Dry and wet sliding, fatigue, creep and mechanical properties of AA-7475 metal matrix composite reinforced with Si2N2O from rice husk ash

Abstract

This study extensively explores the mechanical performance of AA7475 metal matrix composites reinforced with heat-treated Si2N2O sourced from rice husk ash. The specimens were meticulously fabricated using the stir casting method, ensuring a homogeneous dispersion of Si2N2O particles within the AA7475 matrix. The characterization of these specimens followed ASTM standards, encompassing evaluations of dry and wet sliding behavior, fatigue strength, creep resistance, and overall mechanical properties.Among the various specimens, the AAR3 designation emerged as the most promising, showcasing exceptional mechanical properties. AAR3 exhibited a remarkable tensile strength of 569 MPa, accompanied by a reduced elongation of 8%, yield strength of 264 MPa, and impact energy of 24.15 J. The increased rigidity attributed to the 6wt% Si2N2O particles in AAR3 also led to an improved hardness of 164.The trend of enhanced mechanical strength extended to fatigue properties, with AAR2 delivering a notable fatigue strength of 329 MPa. In terms of wear resistance, AAR3 stood out with impressive results, featuring a specific wear rate of 0.0075 mm³/Nm and a coefficient of friction (COF) of 0.44 for dry sliding wear.
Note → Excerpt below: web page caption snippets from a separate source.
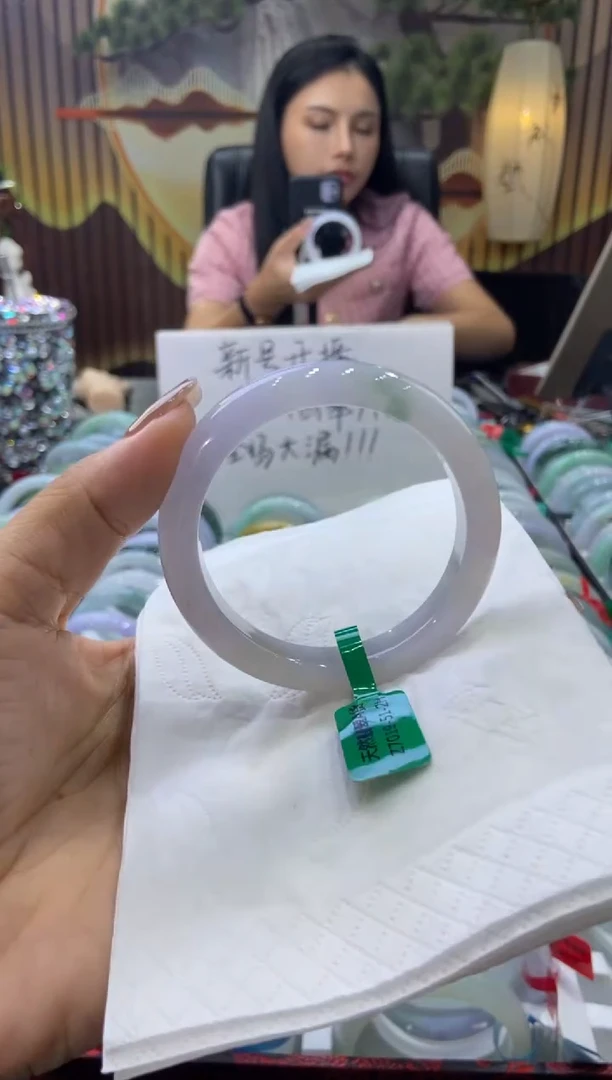 未镶嵌手镯翡翠00004638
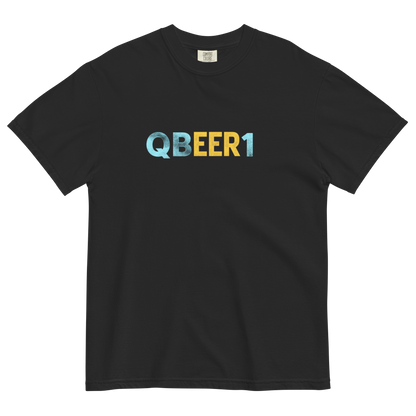 Justin Herbert "Q Beer 1" Heavyweight Tee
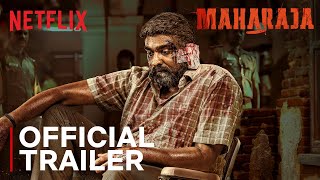 Maharaja  Official Trailer  Vijay Sethupathi Anurag Kashyap Mamta Mohandas [upl. by Ymrej]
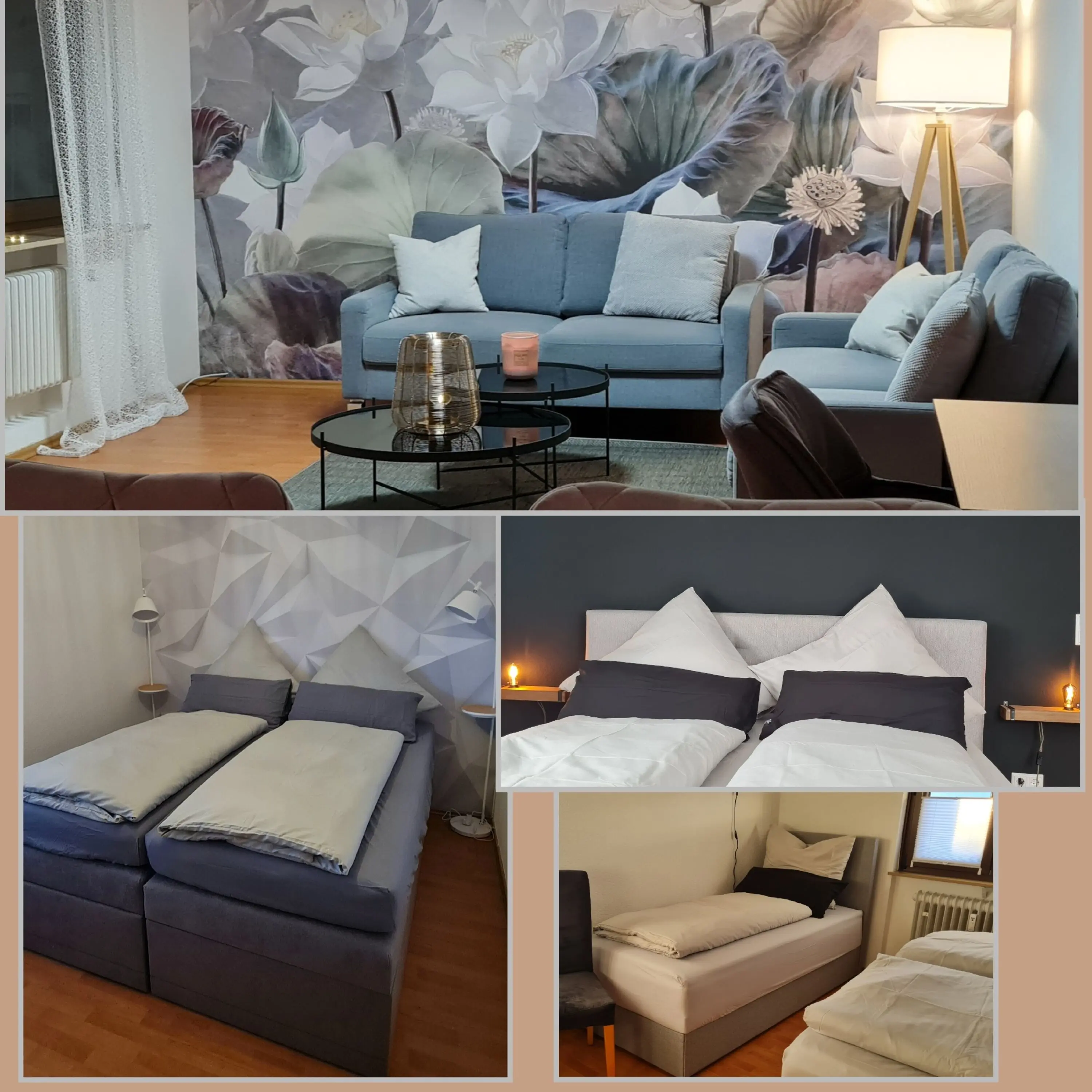 Stilvolle Ferienwohnung mit Balkon im Schwäbischen Wald - Immobilienfoto 3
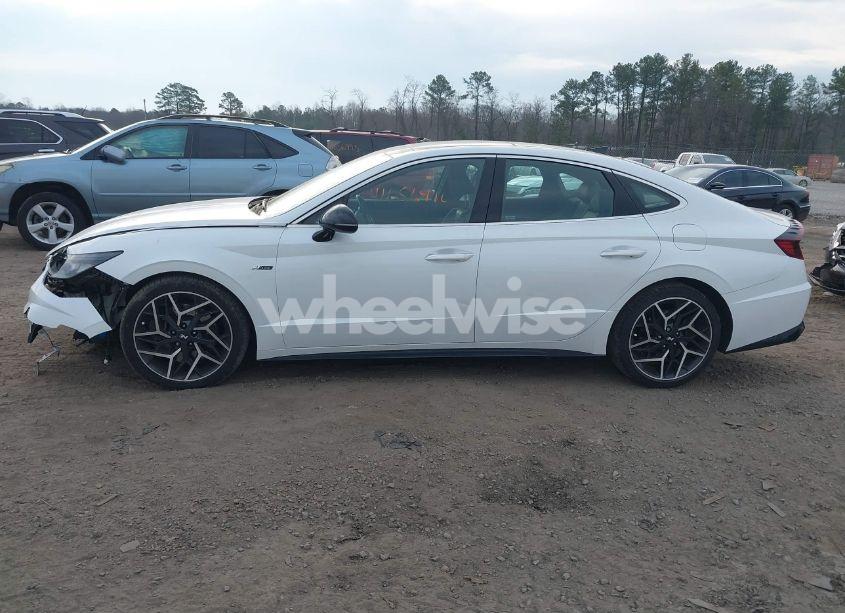 Photo 14 of 2021 Hyundai Sonata N LINE (VIN 5NPEK4JC6MH110611)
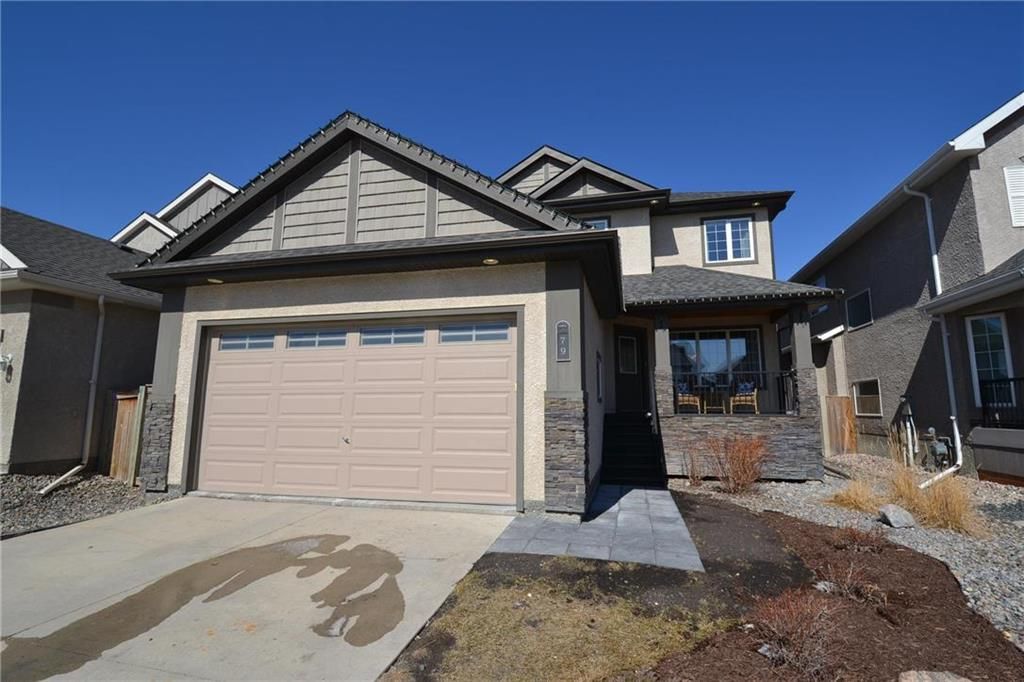 Main Photo: 79 Dragonfly Court in Winnipeg: Sage Creek Residential for sale (2K)  : MLS®# 202107228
For wet sliding wear, AAR3 demonstrated a specific wear rate of 0.0047 mm³/Nm and a COF of 0.42.In the realm of creep properties, AAR3 exhibited reduced creep strain values of 0.01824, 0.0233, 0.0934, 0.2004, and 0.3505 for time intervals of 2000, 4000, 6000, 8000, and 10,000 s, respectively. These findings collectively emphasize the superior mechanical and tribological performance of AAR3, underlining the potential of heat-treated Si2N2O reinforcement for enhancing the properties of AA7475 metal matrix composites.